__ABOUT THIS EXERCISE__. In the records below, begin at the line containing "Kids playing cricket in Battersea Park" and end at the line containing "Photo of Flat"; quote every line in that span exactly, including both boundary lines, and no others.

__EXCERPTED RECORDS__.
++++++++++++++++++++

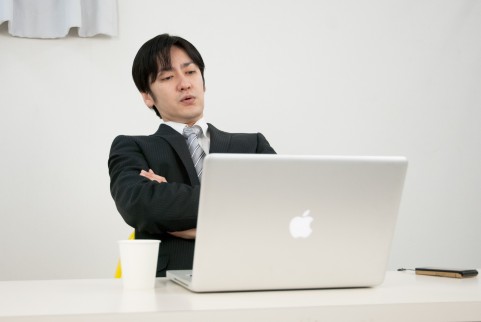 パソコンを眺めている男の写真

++++++++++++++++++++

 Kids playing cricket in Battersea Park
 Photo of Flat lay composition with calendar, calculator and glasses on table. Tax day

++++++++++++++++++++

__ANSWER FOR THIS EXERCISE__.
 Kids playing cricket in Battersea Park
 Photo of Flat lay composition with calendar, calculator and glasses on table. Tax day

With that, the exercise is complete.